According to researches another major reason for social media cybersecurity attacks is human error. People today share everything about their personal and professional lives on social media sites. They sometimes end up revealing sensitive information about their company in their posts, open a spam link, or download a file with a virus. These acts can open up your business to hackers who can then steal your confidential information to damage your reputation.
Social engineering is similar to phishing attacks. Here, fraudsters steal social media user data and use modes of personal communication like phone calls, messages, and emails to contact their victims. They pose as reputed companies to dupe users into sharing payment information or transferring money. Fraudsters manipulate their victims by instilling fear in them or creating a sense of urgency, curiosity, excitement, etc., or by falsely gaining their trust.
Account takeover is where fraudsters gain control of user accounts by stealing their usernames and passwords. Fraudsters then send malicious links to followers of these accounts through private messages, which their victims end up falling for as they trust the accounts they follow.
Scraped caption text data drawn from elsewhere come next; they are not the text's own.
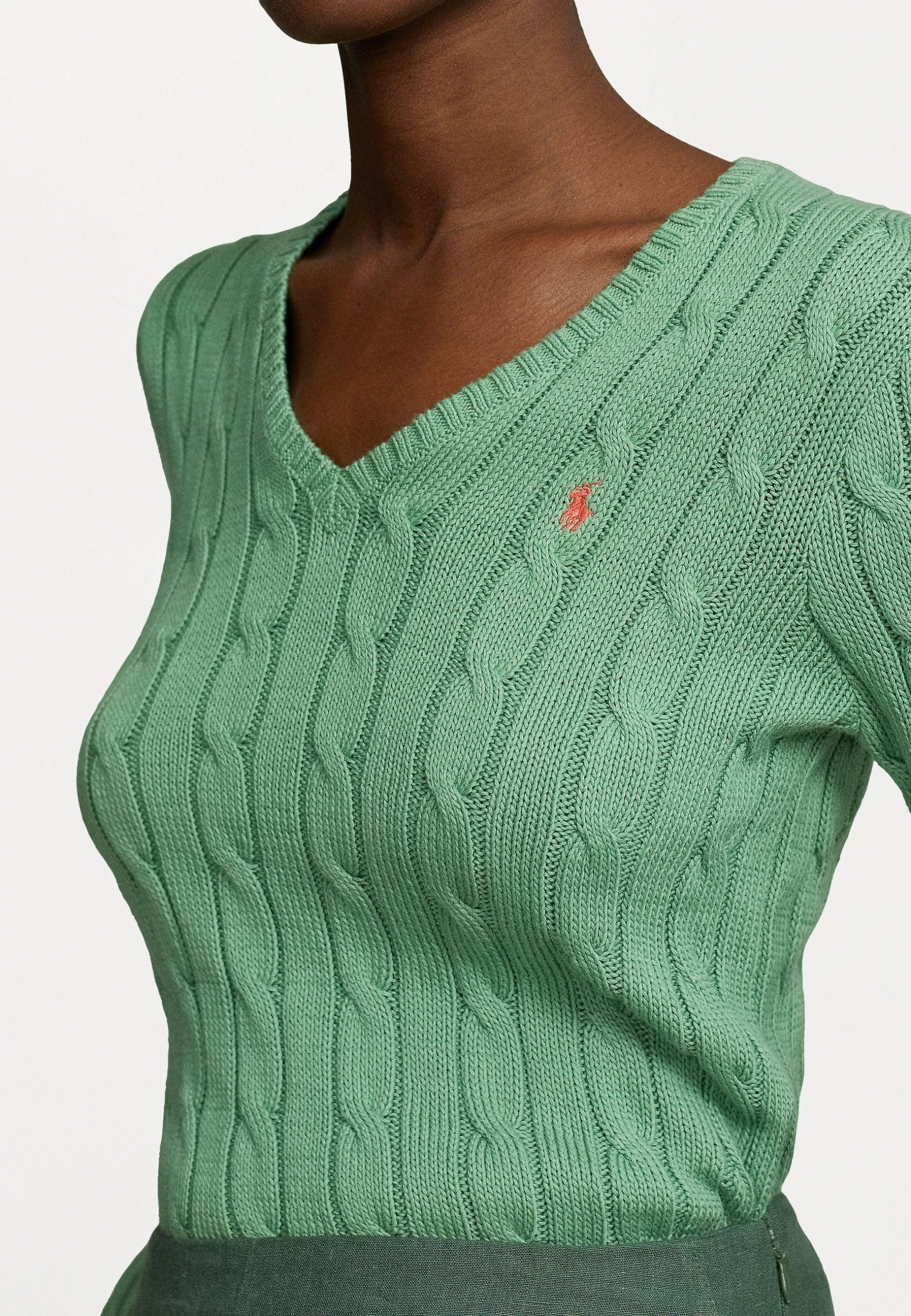 Polo Ralph Lauren KIMBERLY LONG SLEEVE - Sweter - Outback Green 7 Polo Ralph Lauren KIMBERLY LONG SLEEVE - Sweter - Outback Green - obrazek 5
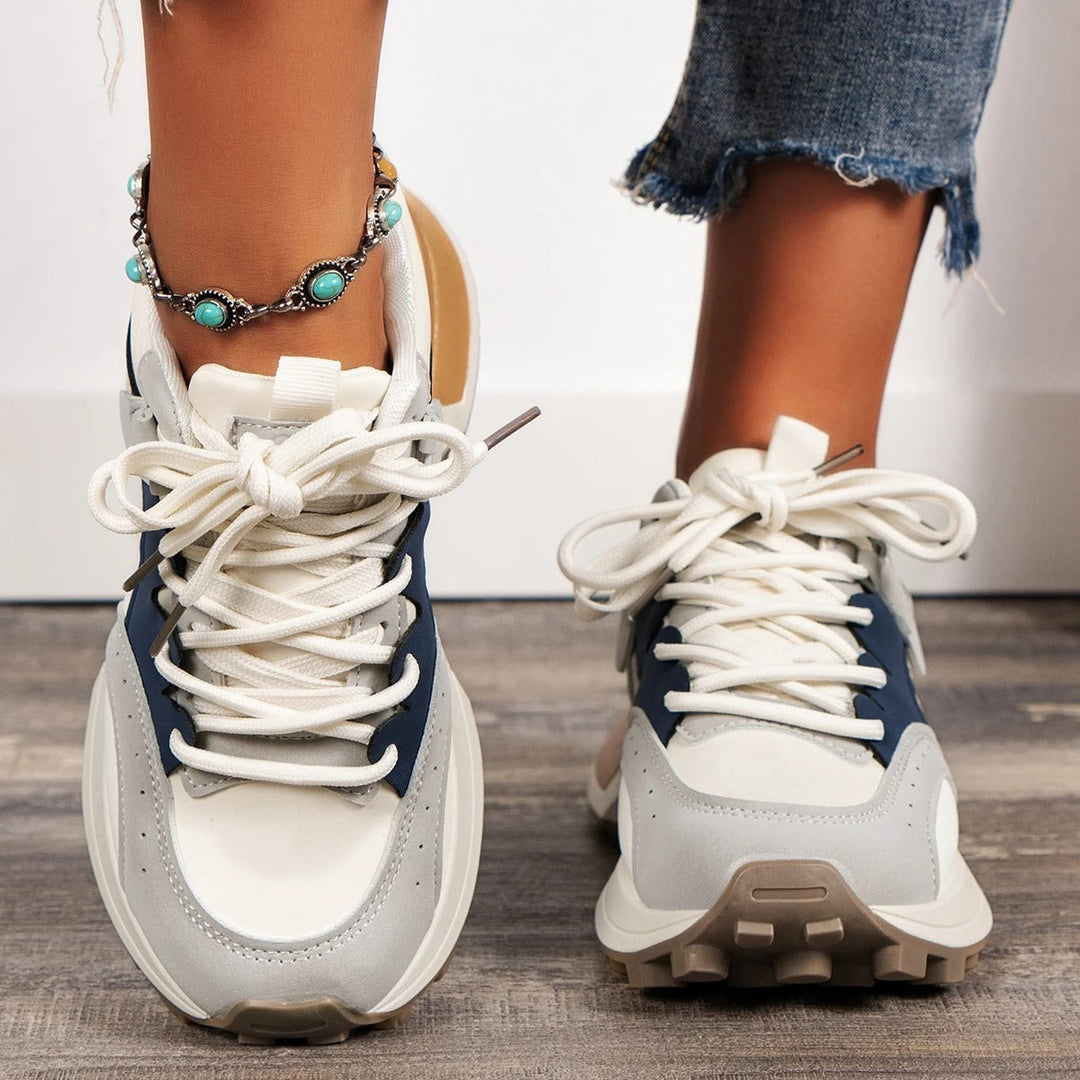 Damen Sneaker mit dicken Sohlen EB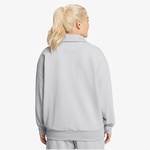 Under Armour icon Hwt Terry Os Hz Kadın Gri Sweatshirt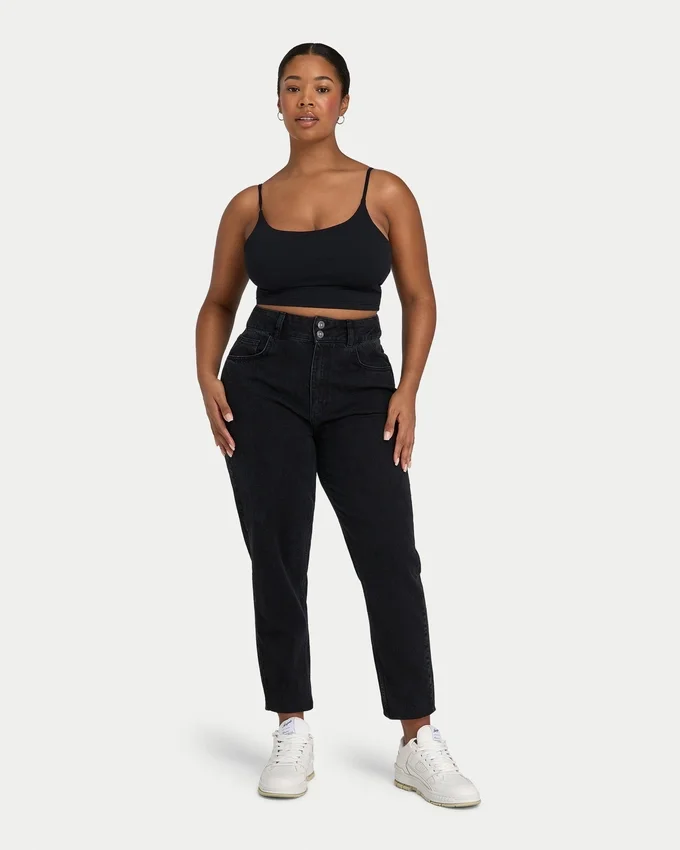 Jeans mom da donna – nero lavato Jeans mom da donna – nero lavato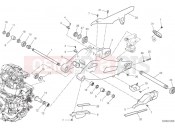 DUCATI DesertX Rear swingarm
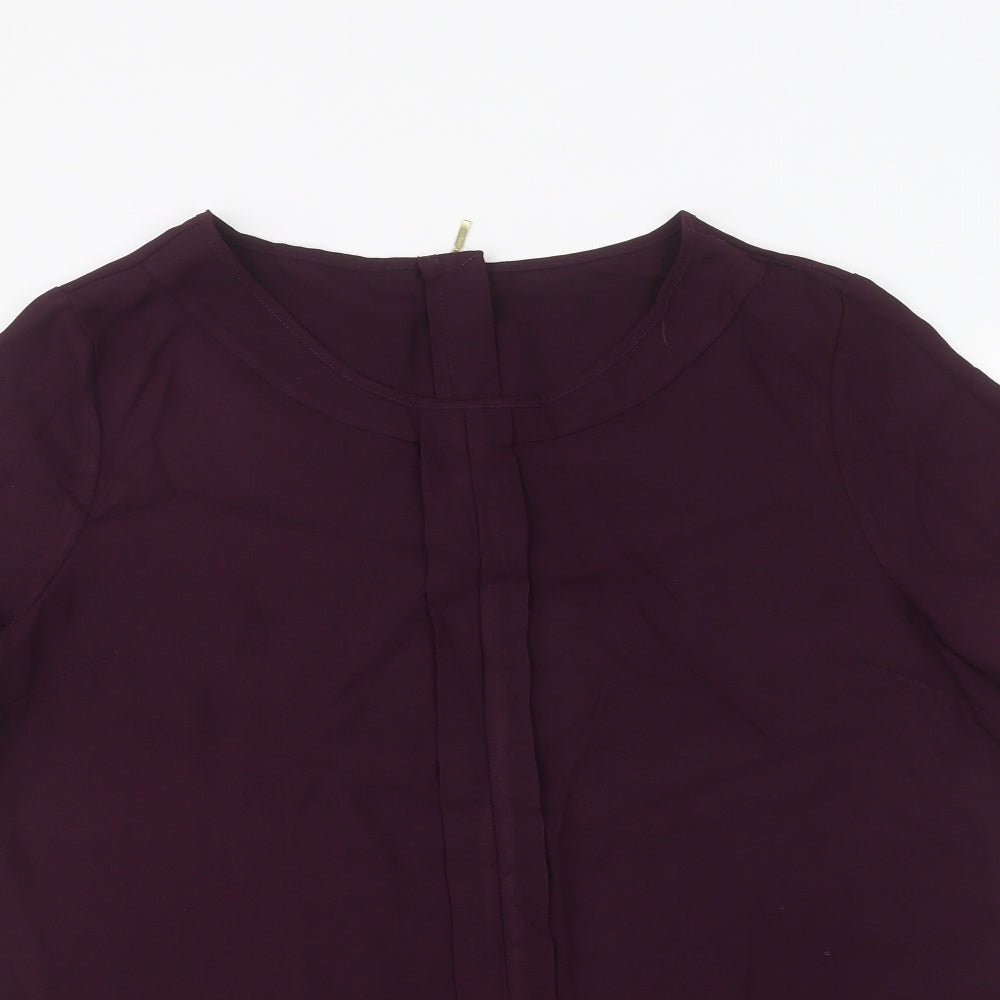Preworn Womens Purple   Basic T-Shirt Size 16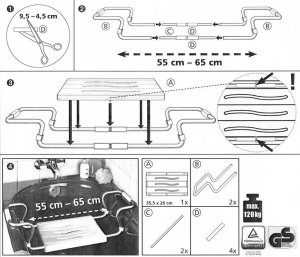 Wenko Ławka na wannę (nawannowa) z regulowanym siodełkiem SECURA, WENKO 6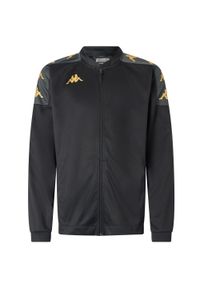Kurtka z dresu Kappa Giullio. Kolor: czarny, szary, wielokolorowy. Materiał: dresówka. Sport: piłka nożna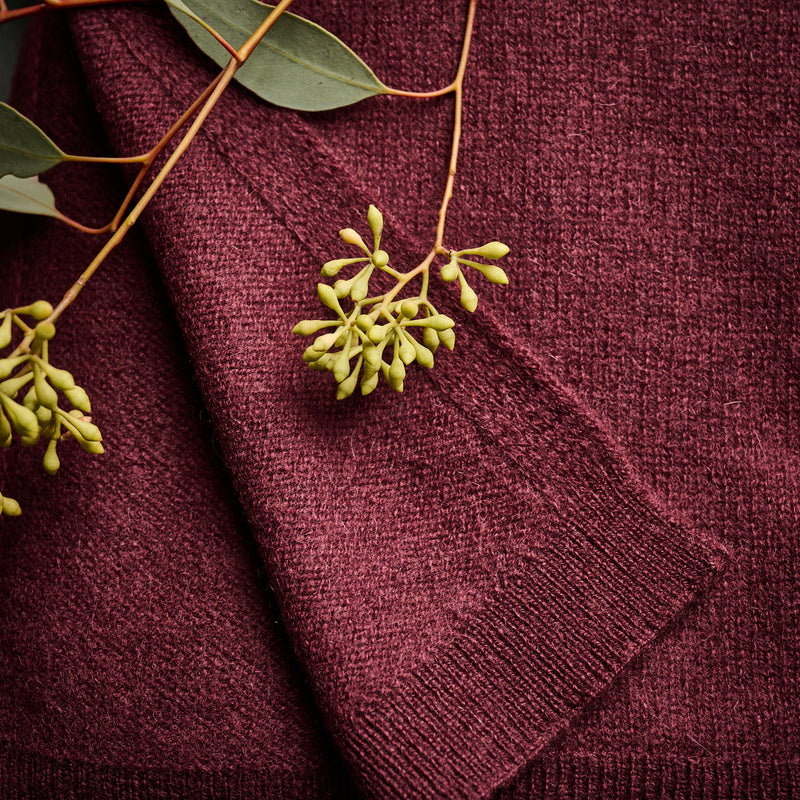 Cashmere Luxe Travel Wrap-Burgundy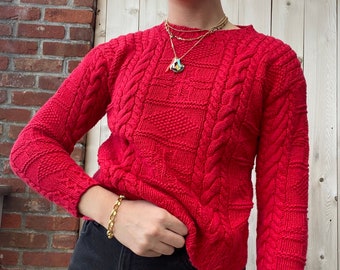 Casual Corner Vintage Sweater Knit Crochet Floral 1980/'s Women/'s Extra Large XL Rustic Retro Country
Intentions behind account takeover can be to damage the reputation of a brand, extort money from its social media followers, collect usernames and passwords to misuse them, etc. Most social media users use the same set of credentials for multiple accounts, which makes it easy for fraudsters to steal them.
In a ransomware attack, as the name suggests, a hacker hacks into a social media account and holds its data “hostage”. The hacker blocks the account owner’s access to its data by encrypting it until the latter pays the former a certain amount of money. You must maintain backups of your social media data to be able to recover it immediately after the attack, in the absence of which the only way you can get access back to your data is by paying the hackers ransom.
Offering social media users the option to lock their accounts does not guarantee them security. You must watch out for connected third-party apps. Connecting these apps with social media accounts gives them access to all aspects of the accounts like their timelines, connections, media, private conversations, etc. Third-party apps are most commonly used by social media account holders to sign into their accounts. This means that one set of credentials can be used by hackers to hack into and steal data of both accounts. Third-party apps may not have the same amount of security as your app, so you must limit the access of these apps to the data on your app. You should only integrate your app with third-party apps that you trust and delete apps that seem suspicious to you.